** Exercise instructions **
When the line with "Moradia T4 para" turns up below, begin repeating exactly, and carry on through the line with "image for item EM3512 Delta table saw"; no pictures go into the copy.

** Source material **
* * *
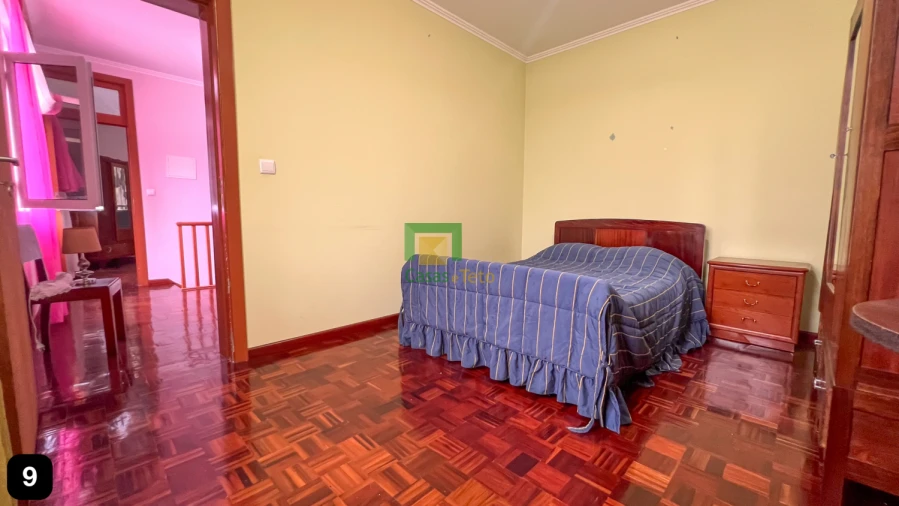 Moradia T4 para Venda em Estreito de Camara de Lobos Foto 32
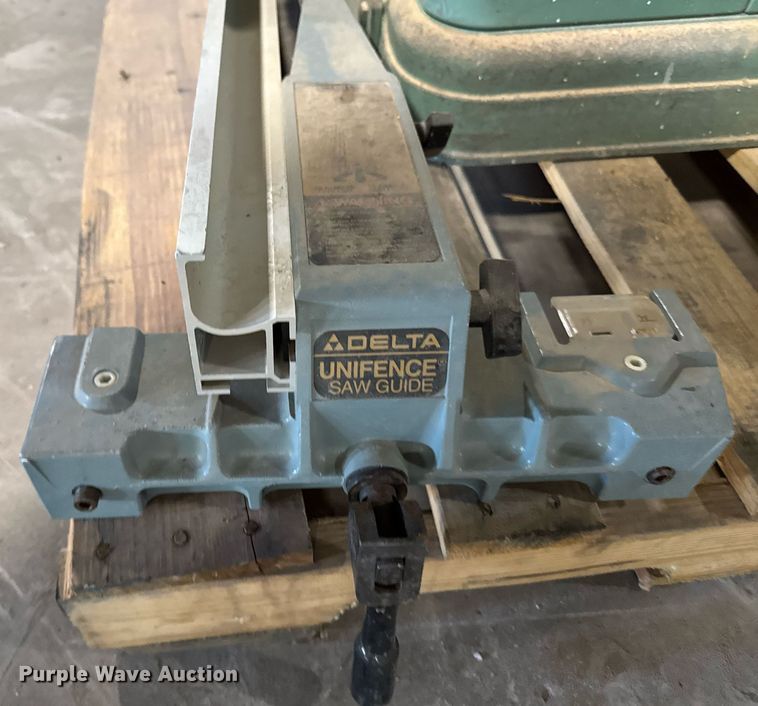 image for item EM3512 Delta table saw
* * *
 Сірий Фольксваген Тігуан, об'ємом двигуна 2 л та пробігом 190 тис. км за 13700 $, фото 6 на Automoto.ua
* * *
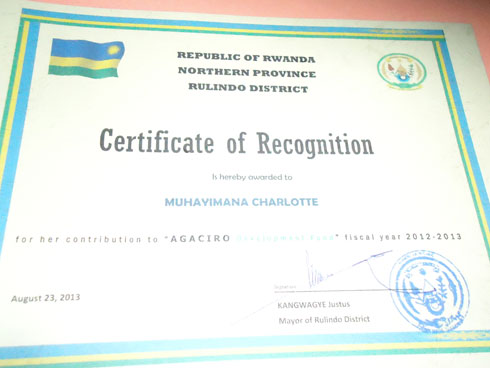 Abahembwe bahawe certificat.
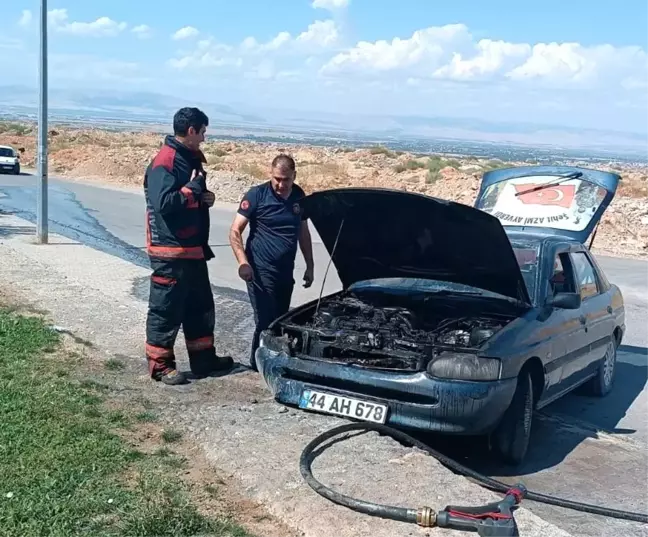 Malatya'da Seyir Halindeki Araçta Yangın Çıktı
* * *
** Your response **
 Moradia T4 para Venda em Estreito de Camara de Lobos Foto 32
 image for item EM3512 Delta table saw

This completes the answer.